Short text fragments from websites
--------
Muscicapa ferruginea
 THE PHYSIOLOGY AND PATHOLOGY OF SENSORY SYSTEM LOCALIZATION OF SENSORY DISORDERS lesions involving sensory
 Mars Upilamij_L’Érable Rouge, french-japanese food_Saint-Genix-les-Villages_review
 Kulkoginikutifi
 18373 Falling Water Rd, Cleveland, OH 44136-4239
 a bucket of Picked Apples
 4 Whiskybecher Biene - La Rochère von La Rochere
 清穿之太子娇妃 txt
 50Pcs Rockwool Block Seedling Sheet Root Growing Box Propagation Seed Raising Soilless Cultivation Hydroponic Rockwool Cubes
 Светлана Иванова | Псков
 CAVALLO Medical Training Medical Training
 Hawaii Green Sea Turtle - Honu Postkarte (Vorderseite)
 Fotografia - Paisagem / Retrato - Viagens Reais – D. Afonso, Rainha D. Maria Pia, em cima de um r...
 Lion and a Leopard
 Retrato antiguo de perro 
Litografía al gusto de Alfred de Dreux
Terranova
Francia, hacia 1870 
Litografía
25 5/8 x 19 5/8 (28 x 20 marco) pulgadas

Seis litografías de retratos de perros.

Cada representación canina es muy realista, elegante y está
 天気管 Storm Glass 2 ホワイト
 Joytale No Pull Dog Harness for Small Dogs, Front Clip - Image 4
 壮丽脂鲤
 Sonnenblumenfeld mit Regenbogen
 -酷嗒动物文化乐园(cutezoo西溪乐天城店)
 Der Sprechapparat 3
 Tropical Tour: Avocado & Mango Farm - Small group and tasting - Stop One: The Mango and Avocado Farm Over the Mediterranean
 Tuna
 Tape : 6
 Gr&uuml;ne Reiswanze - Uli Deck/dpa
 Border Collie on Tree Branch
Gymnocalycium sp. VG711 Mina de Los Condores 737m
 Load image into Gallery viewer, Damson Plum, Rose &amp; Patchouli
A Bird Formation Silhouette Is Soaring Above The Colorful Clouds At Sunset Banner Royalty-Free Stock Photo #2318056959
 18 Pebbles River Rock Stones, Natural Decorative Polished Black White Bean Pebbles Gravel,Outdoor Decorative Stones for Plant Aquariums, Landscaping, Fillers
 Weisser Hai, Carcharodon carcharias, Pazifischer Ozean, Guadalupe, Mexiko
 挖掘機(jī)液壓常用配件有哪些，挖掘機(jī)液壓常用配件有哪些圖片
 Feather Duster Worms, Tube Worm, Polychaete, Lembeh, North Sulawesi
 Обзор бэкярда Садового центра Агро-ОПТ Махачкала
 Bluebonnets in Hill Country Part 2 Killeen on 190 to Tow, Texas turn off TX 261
--------
§ **ASSIGNMENT**
Scan the data above for the string "Small" and copy each line where it appears.

§ **SOLUTION**
 Joytale No Pull Dog Harness for Small Dogs, Front Clip - Image 4
 Tropical Tour: Avocado & Mango Farm - Small group and tasting - Stop One: The Mango and Avocado Farm Over the Mediterranean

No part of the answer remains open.